§ **Work request**
In the records below, the relevant part opens with the line containing "Pair of Biedermeier" and closes with the line containing "4 bedroom Townhouse for sale"; print that part exactly and only, without its pictures.

§ **Data provided**
Segment Open

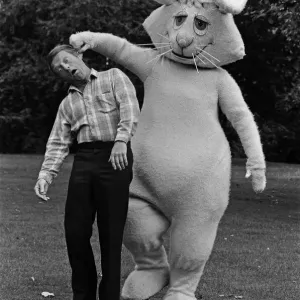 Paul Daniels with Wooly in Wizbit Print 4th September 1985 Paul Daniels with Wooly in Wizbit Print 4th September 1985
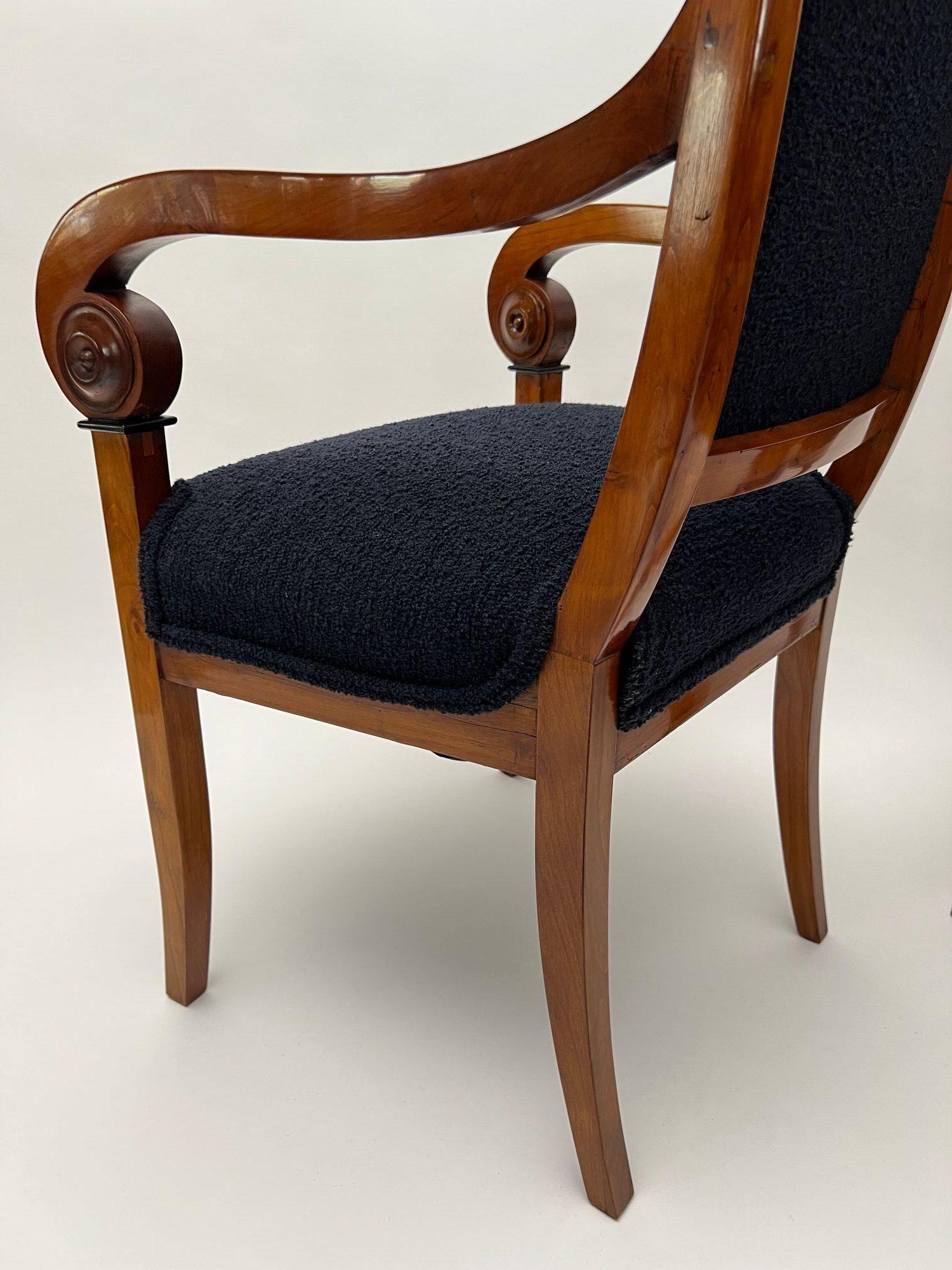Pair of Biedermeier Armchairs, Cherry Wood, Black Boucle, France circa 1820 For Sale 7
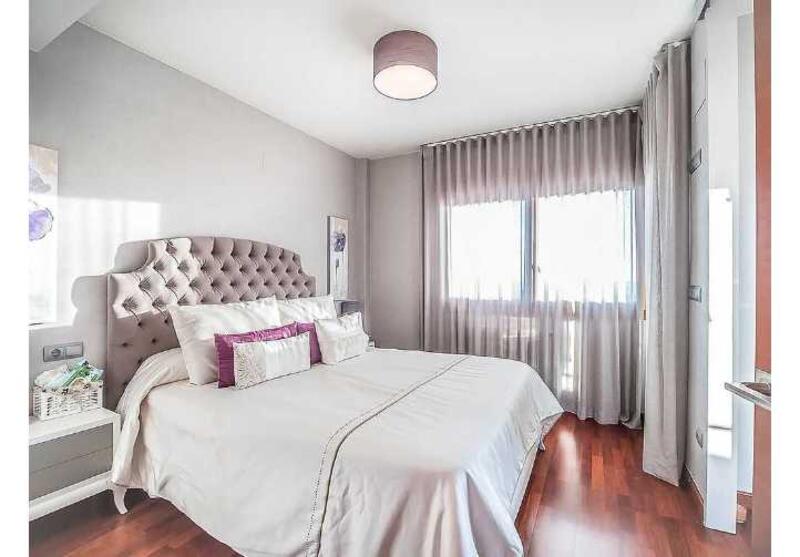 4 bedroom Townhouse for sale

Segment Closed
Segment Open

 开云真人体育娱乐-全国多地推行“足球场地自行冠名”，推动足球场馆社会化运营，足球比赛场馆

Segment Closed
Segment Open

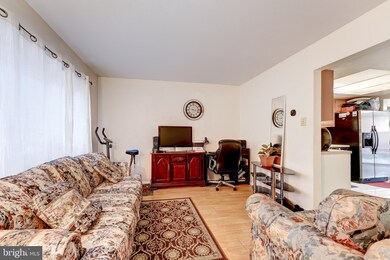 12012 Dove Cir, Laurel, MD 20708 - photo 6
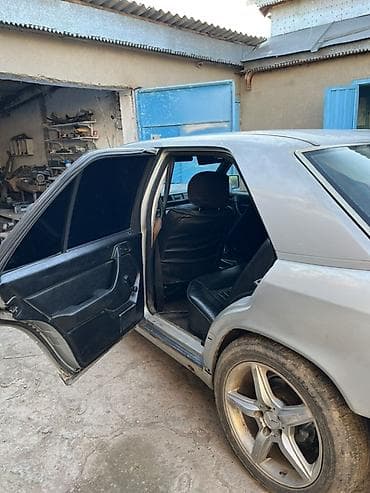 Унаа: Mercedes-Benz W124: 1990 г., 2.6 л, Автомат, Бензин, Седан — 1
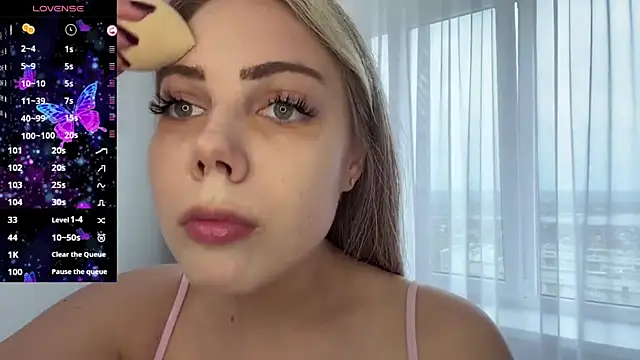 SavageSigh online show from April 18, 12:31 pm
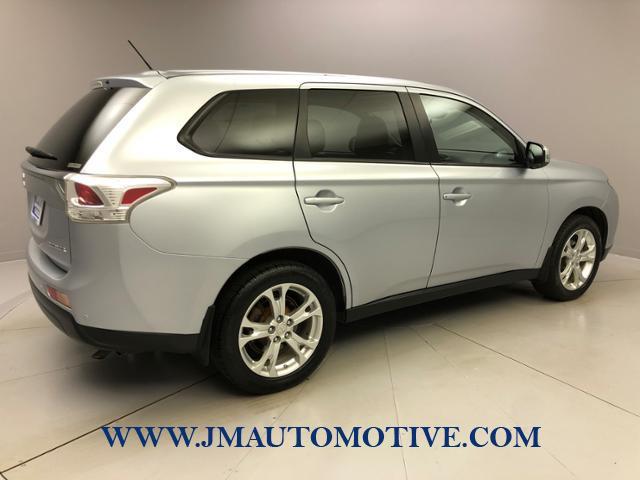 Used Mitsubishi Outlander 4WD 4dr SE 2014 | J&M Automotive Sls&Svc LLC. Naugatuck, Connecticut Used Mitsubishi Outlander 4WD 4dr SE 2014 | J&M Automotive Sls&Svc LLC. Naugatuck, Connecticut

Segment Closed

§ **Solution for this task**
Pair of Biedermeier Armchairs, Cherry Wood, Black Boucle, France circa 1820 For Sale 7
 4 bedroom Townhouse for sale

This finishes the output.